Compile is not running. Even when the C compiles, the binary needs to actually link and serve HTTP requests, render views, and persist to a database. Some of those layers haven't been touched yet — the sqlite3 gem doesn't compile under Spinel (no FFI), so production deployment needs the in-memory adapter or a shell-out path that isn't built yet.
Some shapes will land as "won't support" rather than "fix." Matz committed to saying so explicitly in the issue. Stage 3 of #126 (module values flowing across function boundaries) is shelved pending a Roundhouse-shaped reproducer. So far that's the only one — #130 looked like it might join, but Matz partial-fixed it instead and split out the harder variant. The contract is that we'll know which is which.
Where this points
The bet four days ago was that the architectural shape was right and the maturity gaps would close on both sides. The four days since:
- The architectural shape held under load. Real Rails-blog input continues to lower into the post-lowering Spinel-subset shape with no new architectural decisions.
- The cadence Matz committed to is running. Issue-to-fix is hours, not weeks.
- Both sides are moving — Spinel's inference, Roundhouse's emit normalization, in lockstep.

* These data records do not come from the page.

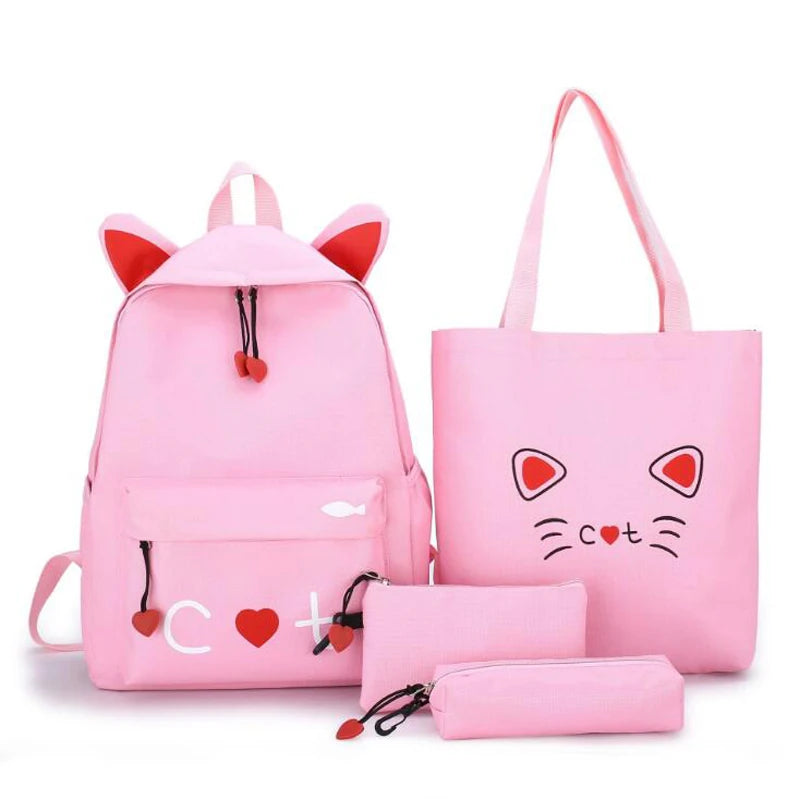 4 Piece Schoolbags For Teenage Girls Print Women Backpack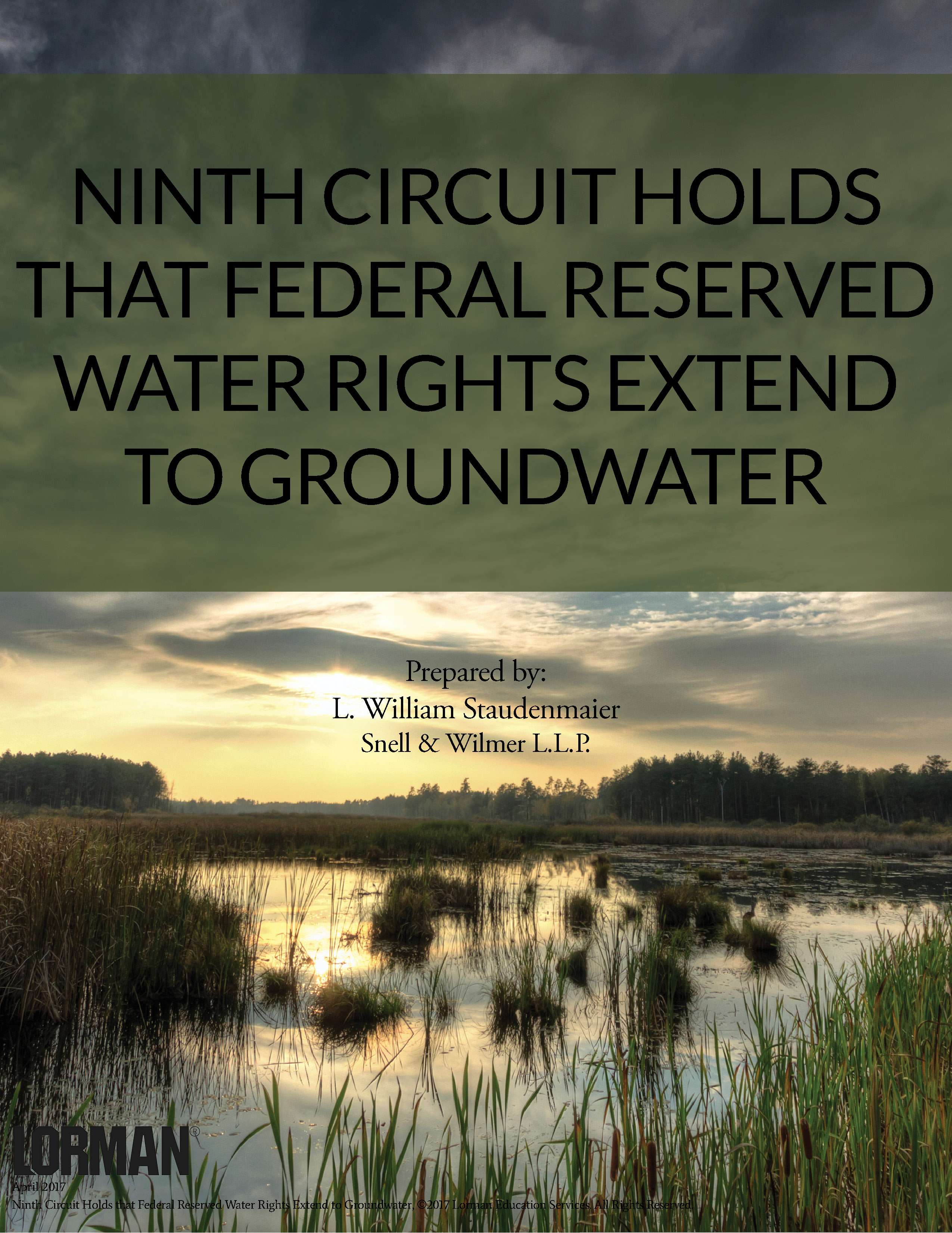 Ninth Circuit Holds that Federal Reserved Water Rights Extend to Groundwater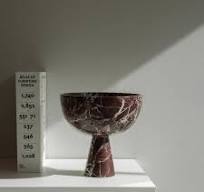 Rosso Levanto Marble Pedestal Bowl XL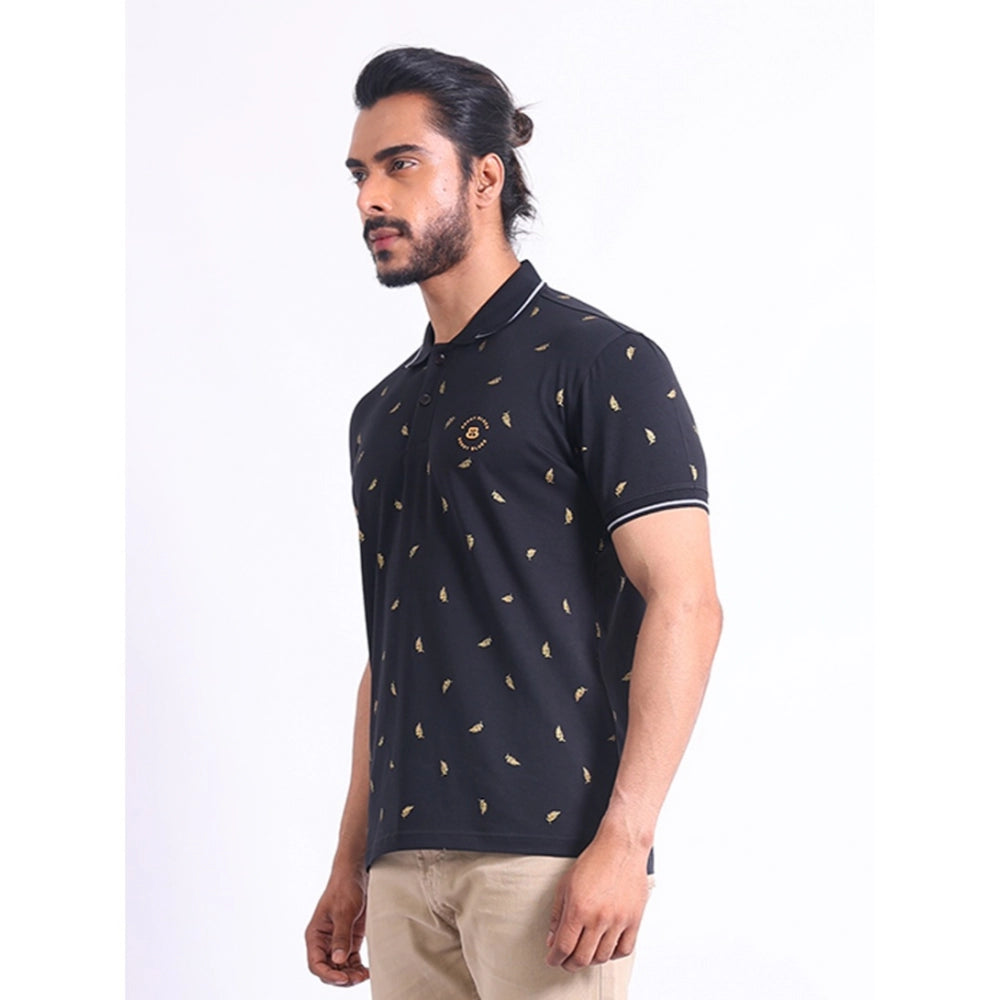 Generic Men's Casual Cotton Printed Polo Neck Half Sleeve T-Shirt (Black)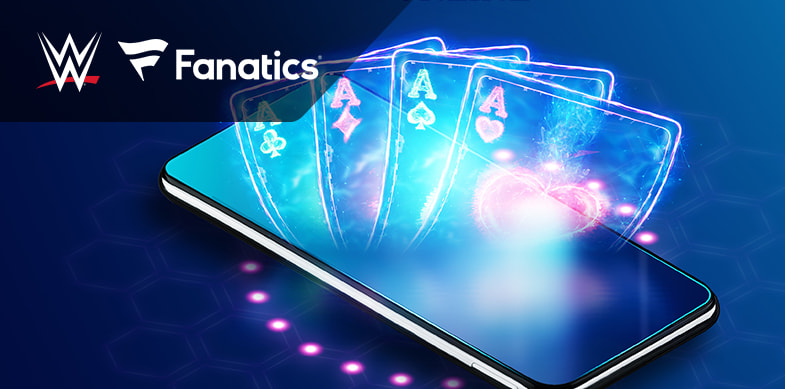Smartphone con carte, logo WWE e logo Fanatics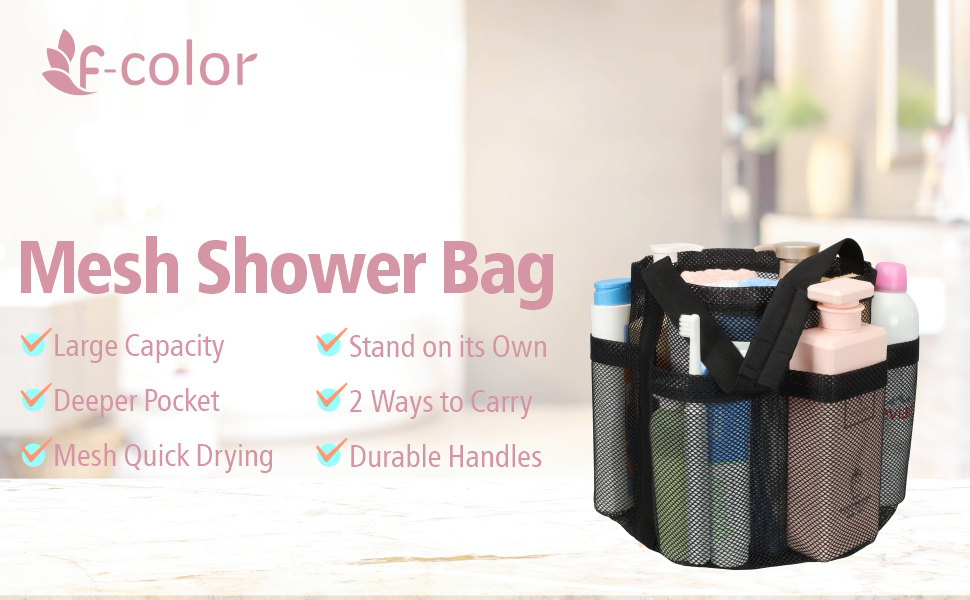Fcolor Mesh Shower Caddy Portable, Large Capacity Shower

The remaining work is finite and characterizable: a list of inference gaps, a list of runtime-substrate pieces, a list of Roundhouse refactors. None of it is architectural. All of it is iteration.
What's offered, then, isn't a finished thing. It's a channel that runs, between two projects that have already shown they can move in tandem when the issue-shape is concrete. The cadence is the result, four days in.
Roundhouse is open source: dual-licensed MIT / Apache-2.0. Issues and discussion welcome.